In the late 1990s, my grandfather purchased boxes of bats by mail order as a natural approach to mosquito control. The dark green plywood roost was mounted on tall wooden poles in a sunny patch of the yard and secured with tension wire. The catalog promised that the bats would raise their young in the box and eat the mosquitoes that flocked to my grandparents' lakeside yard.
The bat box always seemed like a sure win for all parties (except the mosquitoes). But when he started researching bat boxes for a mosquito-infested property in North Carolina, he learned that some off-the-shelf boxes, like the ones his grandfather used, were basically bat ovens. During hot months, artificial roosts that are poorly located, too small, painted darkly, or lack ventilation can reach lethal temperatures and kill baby bats.

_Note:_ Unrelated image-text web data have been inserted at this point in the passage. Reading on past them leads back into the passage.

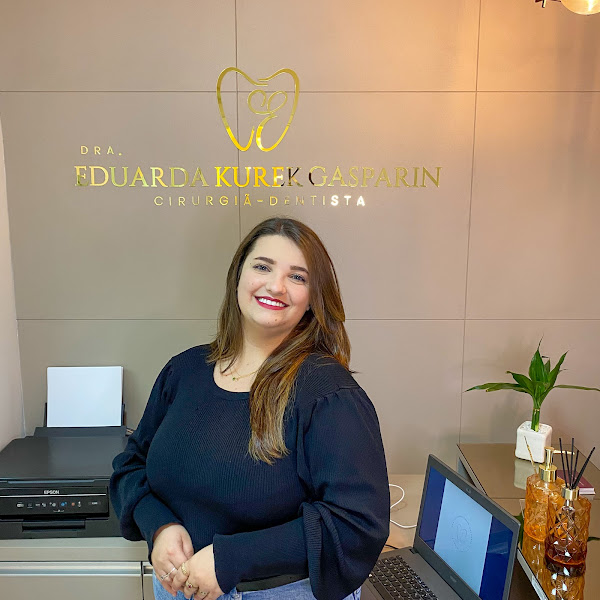 Foto 3 de Dentista Dra. Eduarda Kurek Gasparin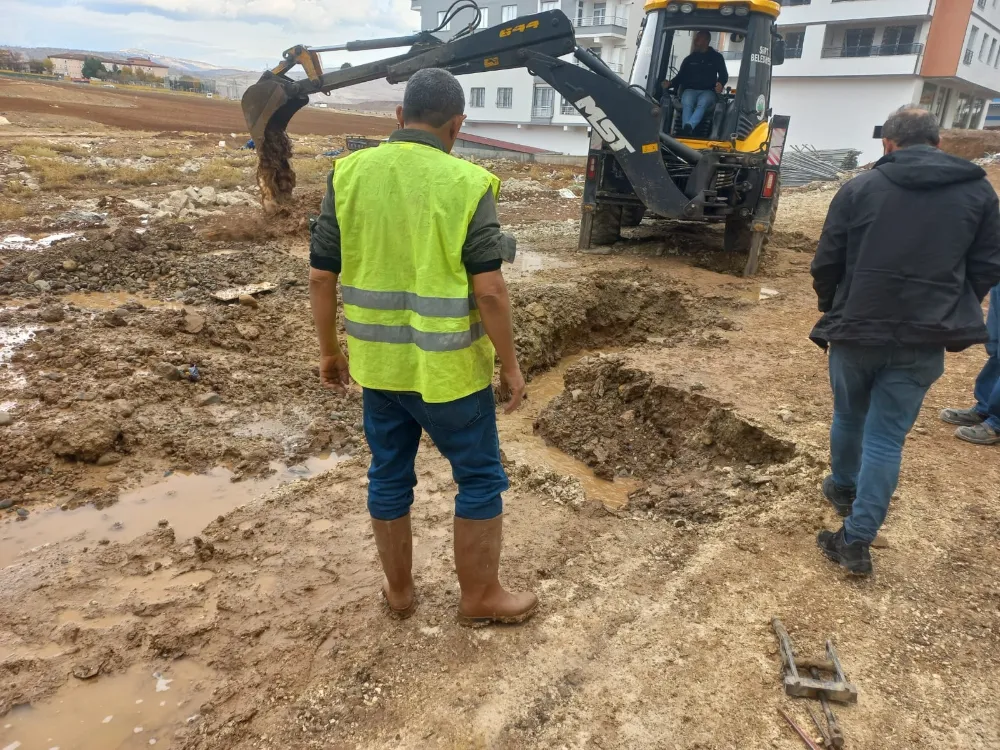 Belediyeden Yol Çökmesine İlişkin Açıklama!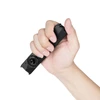 Main tenant une mini lampe de poche LED EDC plate et compacte, format de poche portable et ergonomique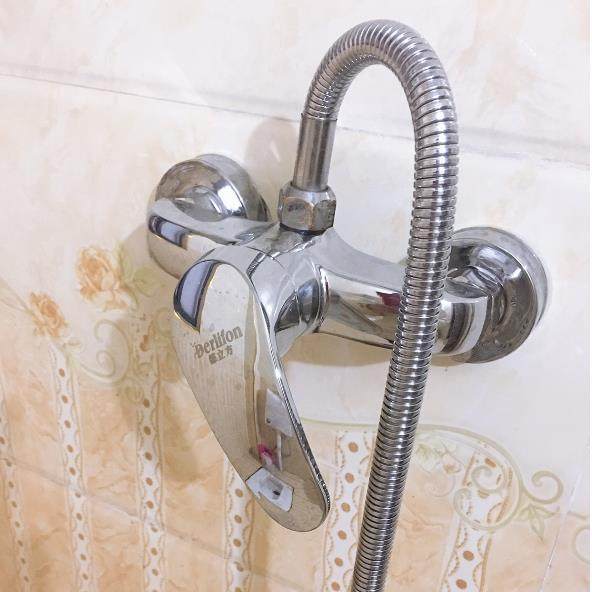 Shower bath shower faucet rain shower room mixing valve electric water heater faucet bath shower valve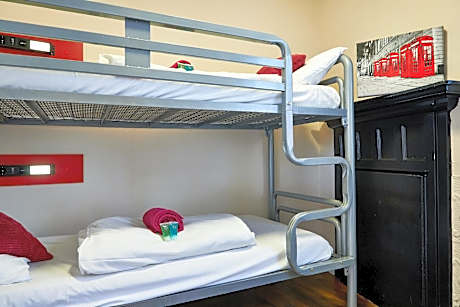 Private Room with 2-Bunk Beds and External Shared Bathroom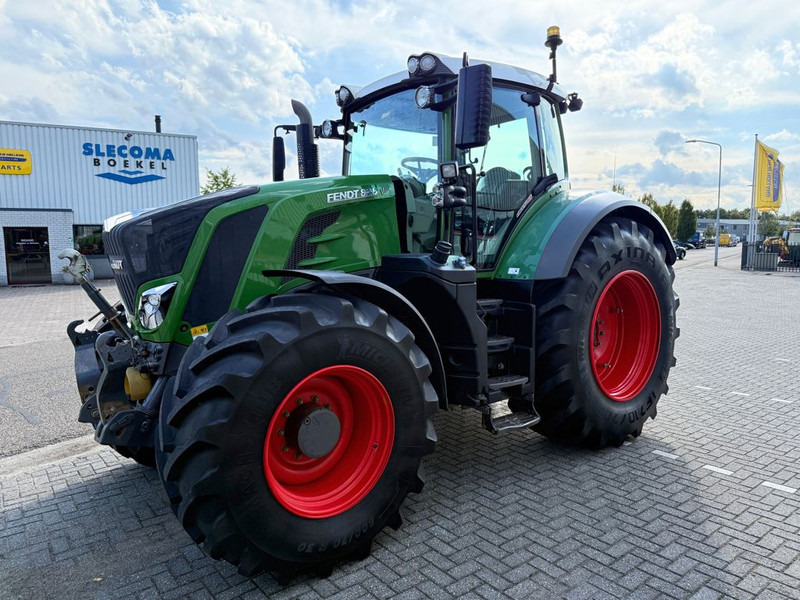 Tracteur agricole Fendt 828 Vario S4 ProfiPlus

This knowledge disturbed me, and I believe it would have greatly angered my grandfather, who took great pride in environmental stewardship. But this is how science works. That means create a hypothesis, test it, share it, adapt it, and iterate. It's sometimes frustrating, but how do you know if your corrective action is working as desired?
In 2021, several experts discussed it on the pages of . Conservation science and practice Whether bats helped raise awareness of the potential lethality of bat boxes. “Telling people that their well-intentioned conservation efforts are wrong is rarely productive,” wrote Virgil Brack Jr. and Dale W. Sparks, chief scientists at Environmental Solutions & Innovations, Inc. The criticism was addressed by Reed D. Crawford and Joy M. O'Keefe of the Department of Natural Resources and Environmental Sciences at the University of Illinois at Urbana-Champaign: The perception is that “the careless use of inappropriate boxes can expose bats to lethal temperatures.” He responded that he would continue to increase it. Both sides agreed that the design and placement of artificial nests could and should be improved. Again, the calculations are inconvenient, but necessary.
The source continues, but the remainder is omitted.